Explicara-lhe o empregado, tinham sido registadas duas marcações de mesas individuais para a mesma hora. A dele tinha prioridade, mas deixaria em espera prolongada uma outra cliente. Ele anuíra em dividir a mesa. Nas imediações não havia outro restaurante.

– É este o “fim do mundo” – exclamou Clarice, depois de se terem sentado. Tinha um sorriso generoso, como se nele implicasse o corpo todo. E acrescentou – Não foi nada fácil aqui chegar. – Foi então a primeira vez? E veio de longe, de muito longe? – Do Porto. – No “fim do mundo” há quem encontre o “paraíso perdido”. – É por isso que aqui vem? – E porque não?

Embrenharam-se em seguida na consulta da ementa. – Help! Traduza-me: “pezinhos de coentrada”, “peixinhos da horta”, “ensopado de borrego”, “sopa de cação”. O “fim do mundo” é um restaurante cabalístico? Ele riu-se. – Bem-vinda a sul. Não sabia que Almada é porta de entrada do Além Tejo? – Reino de mouros, observou ela com ironia. – E das cidades.

Clarice vestia calças pretas com estampados em amarelo e uma blusa também preta e trazia um anel com uma placa vitrificada em fundo azul com reflexos dourados. Na cadeira depusera um saco e uma nikon 5100.

O empregado destinara-lhes uma mesa colada às guardas envidraçadas do restaurante. Na parte exterior, em pleno passadiço, todas as mesas tinham sido ocupadas por um grupo, talvez de tripulantes de um navio francófono. Ao espelho do rio chegavam ainda laivos do pôr do sol. O ruído dos talheres e das conversas abafava o som da ondulação contra as paredes do cais.

– É fotógrafa? – perguntou João. – Profissionalmente não, mas a máquina anda sempre comigo, mesmo quando a deixo em casa. É como se a minha visão da cidade tivesse de ser enquadrada por uma objetiva. – E como vê Lisboa, daqui? – Em primeiro lugar, a silhueta: uma cidade de linhas adoçadas pelo tempo. Em segundo lugar, a luz: uma cidade que irradia uma luz própria, que não se limita a absorver e retransmitir. – Continue, pediu ele. – Em terceiro lugar, as camadas: uma cidade de cruzamentos.

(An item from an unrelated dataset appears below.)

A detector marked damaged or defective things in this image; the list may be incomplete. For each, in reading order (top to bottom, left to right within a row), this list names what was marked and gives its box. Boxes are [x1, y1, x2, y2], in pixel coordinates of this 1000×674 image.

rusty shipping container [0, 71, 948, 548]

Percorriam agora o caminho que os conduziria até ao elevador da Boca do Vento. Ela quis descer da plataforma empedrada para junto da água, procurando um ângulo mais fechado para registar o vulto da cidade projetada sobre o seu rio. Ele fez menção de a acompanhar. – Preciso por instantes da tua mão, João – disse ela.